### PROBLEM TO SOLVE
Among the lines of the listing below, retype exactly those from the one containing "Spirit Yachts 28" through the one containing "12.04.2026 - 45.", both included. Do not include pictures.

[[ PROVIDED INFORMATION, beginning ]]

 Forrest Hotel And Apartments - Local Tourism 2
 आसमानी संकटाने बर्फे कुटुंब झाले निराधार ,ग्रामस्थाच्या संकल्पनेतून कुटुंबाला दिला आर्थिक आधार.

[[ PROVIDED INFORMATION, end ]]
[[ PROVIDED INFORMATION, beginning ]]

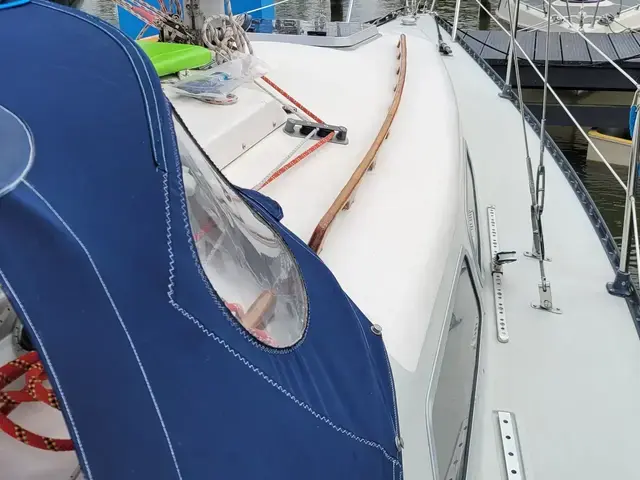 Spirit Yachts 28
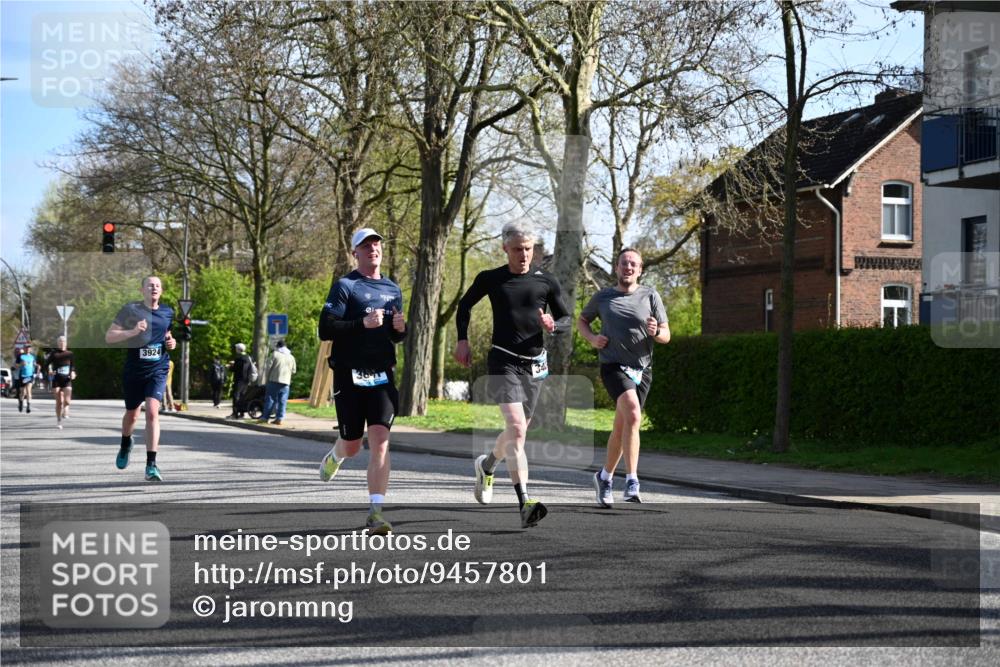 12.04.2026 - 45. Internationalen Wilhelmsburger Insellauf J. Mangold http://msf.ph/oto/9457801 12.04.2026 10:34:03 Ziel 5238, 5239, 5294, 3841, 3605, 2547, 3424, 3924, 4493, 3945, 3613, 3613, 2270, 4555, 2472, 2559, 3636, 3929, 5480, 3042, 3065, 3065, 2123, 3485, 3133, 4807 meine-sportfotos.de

[[ PROVIDED INFORMATION, end ]]

### TASK SOLUTION
 Spirit Yachts 28
 12.04.2026 - 45. Internationalen Wilhelmsburger Insellauf J. Mangold http://msf.ph/oto/9457801 12.04.2026 10:34:03 Ziel 5238, 5239, 5294, 3841, 3605, 2547, 3424, 3924, 4493, 3945, 3613, 3613, 2270, 4555, 2472, 2559, 3636, 3929, 5480, 3042, 3065, 3065, 2123, 3485, 3133, 4807 meine-sportfotos.de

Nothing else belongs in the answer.